Tomorrow I begin the last semester of my university career.
It is a surreal feeling, to be sure, but not, I suspect, as surreal as the feeling I’ll have when I walk off the campus at the end of my last class of the semester—the last class of my life.
To say that I am looking forward to that day would be idiotic. It would be like saying a cactus is looking forward to the rainstorm.
Euphoric as I will be five months from now, I must admit I will also feel a little sheepish.
Graduation has been a long time coming. I completed high school in May of 2004. Seven years later, it looks like I will finally be graduating from college with a bachelor’s degree in English. I have friends who graduated from high school after me and already have two degrees. I struggle daily with feelings of mediocrity in light of this fact. Even my usual technique of thinking about all the poor saps worse off than me who haven’t graduated yet doesn’t really help. My failures are my own, and, at least in this situation, other people’s greater failures provide no comfort to my wounded pride.
But then, what’s the point of feeling sorry for myself? Yes, I took seven years to graduate from college. Yes, I once flunked—completely failed—a freshman computer course and lost my scholarship to ASU. Yes, I transferred to so many colleges and universities that after a while my classes just stopped being accepted. Yes, I took English 101 and 102 from ASU and still had to take entry-level remedial English at my new university because of bureaucracy’s ever-present caveats.
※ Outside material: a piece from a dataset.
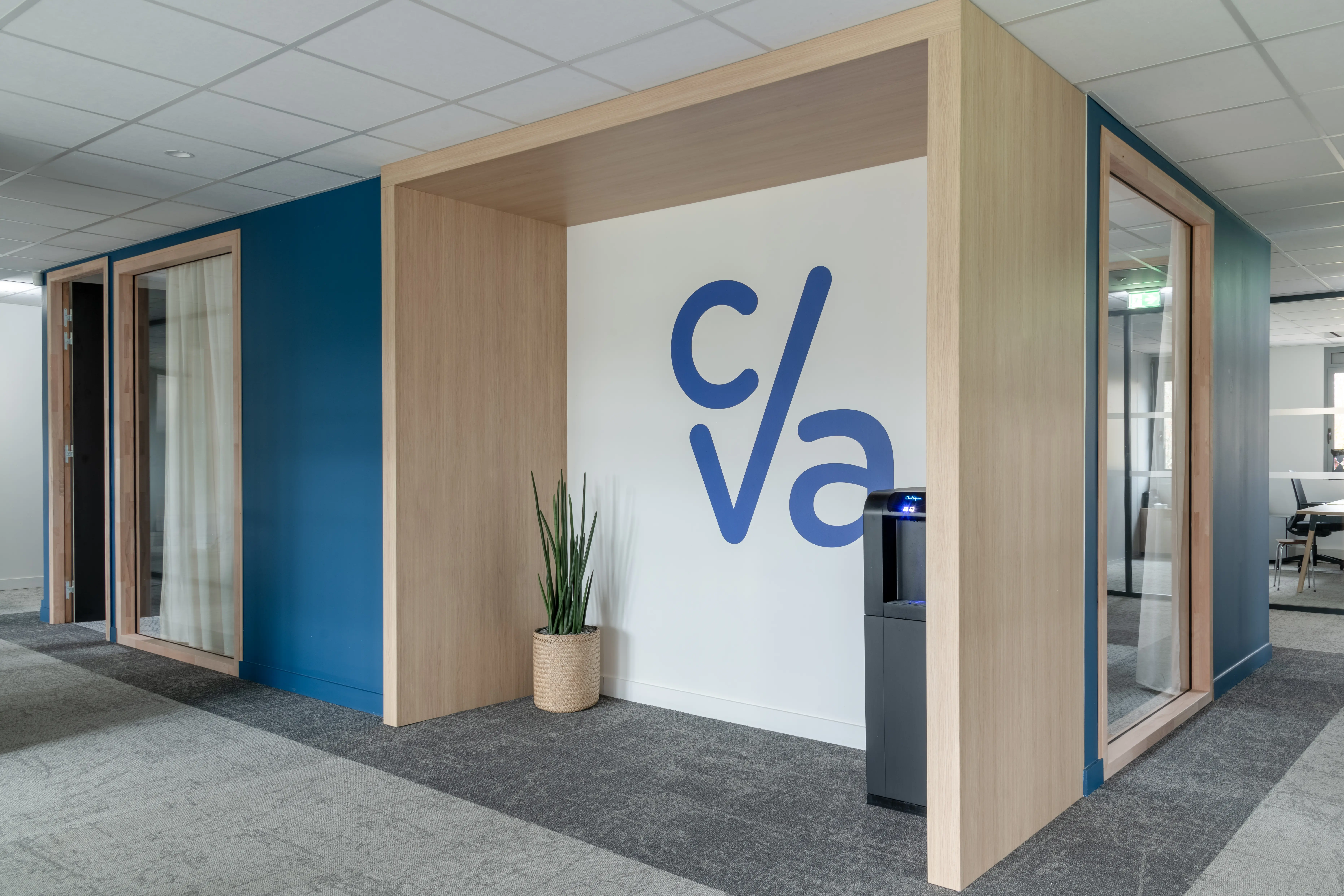 Cabinet Vilaine et Associes — vue panoramique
Yes, for several semesters I only took three classes at a time because tuition was so expensive for an American citizen living in Canada that I couldn’t swallow any more than that.
It will be seven years almost to the day by the time I will have graduated from my post-secondary institution.
But I will have graduated.
And I suppose that’s the point.
Just please, please, if you have any inkling of charitable feelings of goodwill toward me in the slightest, even if you mostly don’t like me but can on the rare occasion tolerate me—please don’t ask me what I’m doing after graduation.
It would be like asking a cactus about its long-term goals or its five year plan—a pointless venture because everybody knows that cacti don’t have five year plans beyond simply standing there with both arms raised as though waving a double-handed goodbye to all the poor schmucks driving away from the barren desert to move to an even more desolate place comprised mainly of snow and ice.
It would be fruitless is what I’m saying.
I’m just shooting for Cinco de Mayo.